**TRY IT**
Reproduce the lines below exactly. Begin with the first, end with the line containing "Here are some", and leave out the pictures.

**PROVIDED MATERIAL**
-*-
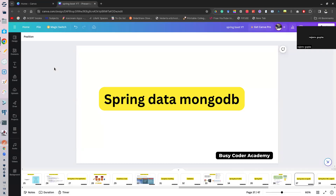Welcome to the cloud native application development course. In this module we are learning Spring Boot, and in the last session we learned how to use Spring Boot with Spring Data with MySQL — using RDBMS. But nowadays people are also using different kinds of databases, in the category of MongoDB. MongoDB is a document-based database; it stores data in BSON format.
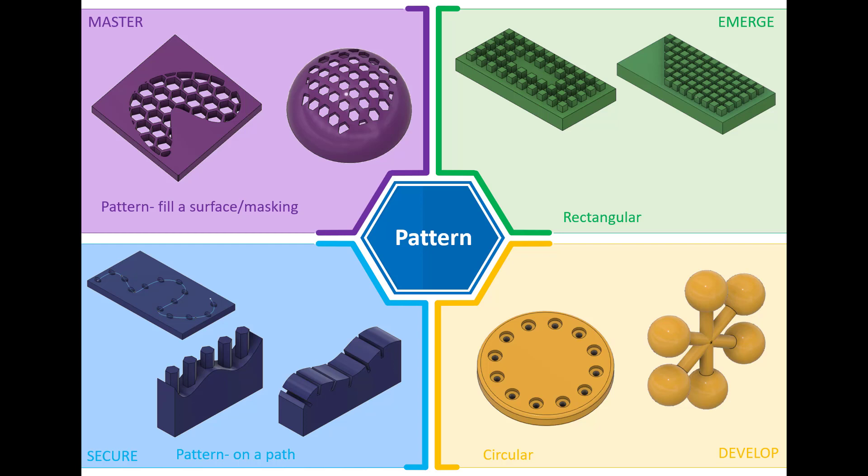Hello and welcome to this Fusion 360 tutorial. Today we're going to look at the pattern feature within Fusion 360. As you can see on screen, there are four main activities or challenges which are either going to introduce or develop your existing knowledge in regards to the pattern feature. If you require any of the files, the completed models or any documentation associated with these activities, please find them in the description below. So let's jump into Fusion and have a go.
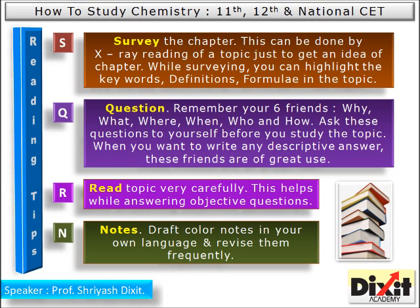Here are some reading tips. Understand four concepts: SQRN. S — Survey the chapter. This can be done by X-ray reading or scanning of the topic, just to get an idea of the chapter. While surveying, you can highlight keywords, definitions, or important formulae. Q — Questions: remember your six friends — why, what, where, when, who, and how.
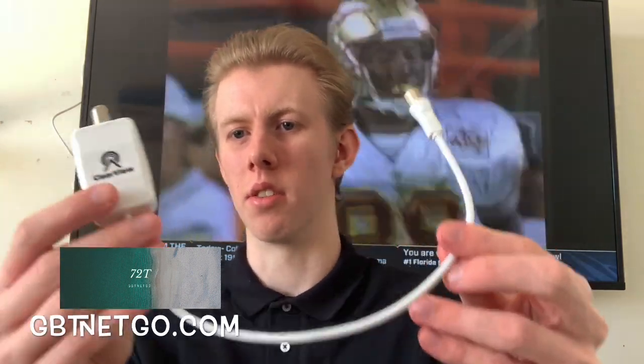Welcome back to 72T. In today's video we're going to be talking about what does an antenna booster do, this little thing right here. We're going to discuss what that does and so on.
-*-
**REPLY**
Welcome to the cloud native application development course. In this module we are learning Spring Boot, and in the last session we learned how to use Spring Boot with Spring Data with MySQL — using RDBMS. But nowadays people are also using different kinds of databases, in the category of MongoDB. MongoDB is a document-based database; it stores data in BSON format.
Hello and welcome to this Fusion 360 tutorial. Today we're going to look at the pattern feature within Fusion 360. As you can see on screen, there are four main activities or challenges which are either going to introduce or develop your existing knowledge in regards to the pattern feature. If you require any of the files, the completed models or any documentation associated with these activities, please find them in the description below. So let's jump into Fusion and have a go.
Here are some reading tips. Understand four concepts: SQRN. S — Survey the chapter. This can be done by X-ray reading or scanning of the topic, just to get an idea of the chapter. While surveying, you can highlight keywords, definitions, or important formulae. Q — Questions: remember your six friends — why, what, where, when, who, and how.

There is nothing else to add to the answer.